The parade started in front of Jesse Lee Memorial Church on Main Street. It ended in Ballard Park, where a ceremony took place in honor of servicemen and women who gave their lives serving our country. The parade lasted about an hour and included veterans, girl scouts, boy scouts, politicians, Ridgefield sports teams and five local marching bands.

The Ridgefield High School Marching Band led the pack of marching bands, followed by Danbury Drum Corps, The Sparklers from New Fairfield, Celtic Cross Fife and Drum Corps from Danbury, Germantown Ancients Drum Corps, Young Colonials from Carmel, N.Y., and the 5th Colonial Regiment from Georgetown. The 5th Colonial Regiment fired their gunpowder-filled guns in the air at each crosswalk, delighting the young—and unnerving the dogs—with the loud boom.

Kids and teenagers selling cookies, cotton candy, popcorn and fruit cups for various charities offered their treats to attendees. Pennies for Paws had a table set up on the sidewalk, as did the TD (touchdown) Team of Relay for Life and others.

And those attendees came from all over to honor service to the country on a picture-perfect 80 degree day. 

World War II Navy vet Joe Peck and his partner of 26 years, Pat Little, both of Meriden, said they found out about Ridgefield's parade by doing a Google search of parades in Connecticut. John and Frances English traveled from Brooklyn, N.Y., to see two of their 15 grandchildren march.
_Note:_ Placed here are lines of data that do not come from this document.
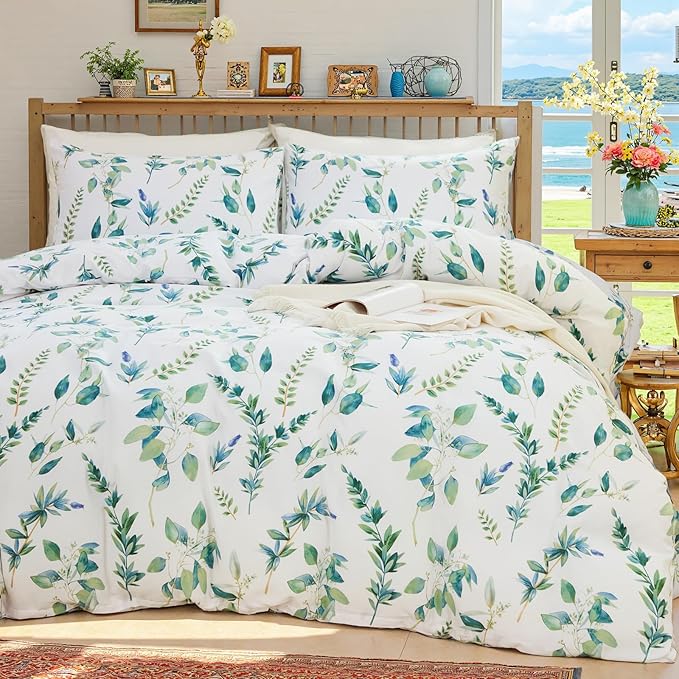 Botanical 100% Cotton Duvet Cover Queen Size - 3Pcs Mint Green Printed with Sage & Emerald Leaves on White,Reversible Lightweight and Soft Bedding Sets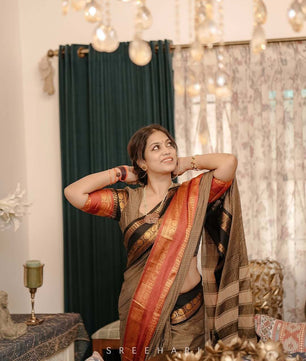 Ganga Jamuna border Jari Checks Chettinad cotton Saree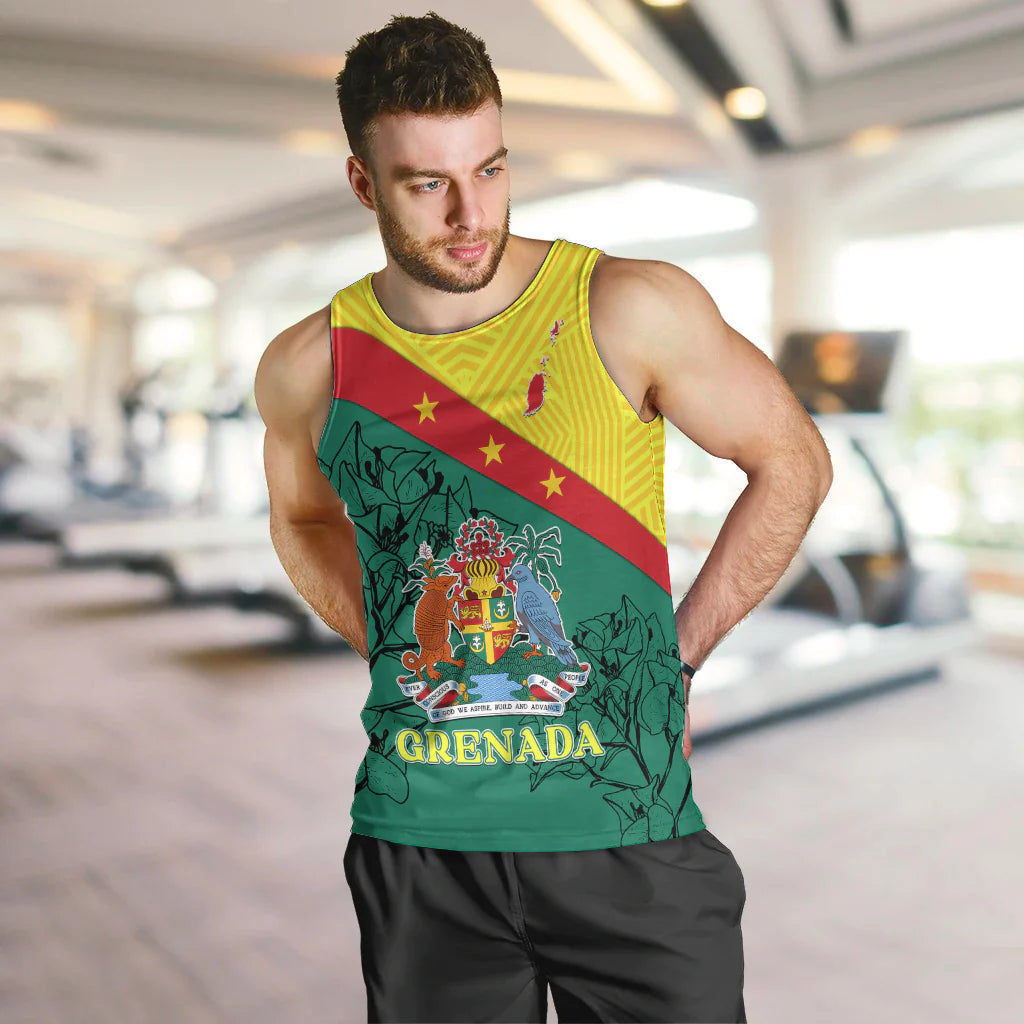 Custom Grenada Men Tank Top Coat Of Arms With Bougainvillea Flowers TS06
Joel Weisvogel June 04, 2010 at 03:01 AM
Great parade; wonderful weather, plenty of particapation, plenty of fun, touching service. It's the first time I've seen Blue Star Mothers honored, which is something we should see more of. My only queston is: What possesses one to think it's a good idea to bring there dogs to such events? Makes no sense to me!
John Symon June 04, 2010 at 03:36 AM
I agree, Joel. Great day in Ridgefield! Right on with the dogs --- many looked in distress. I also had to avoid 3 'land mines' left on the sidewalk -- my young daughter kept saying 'gross'. I had to agree.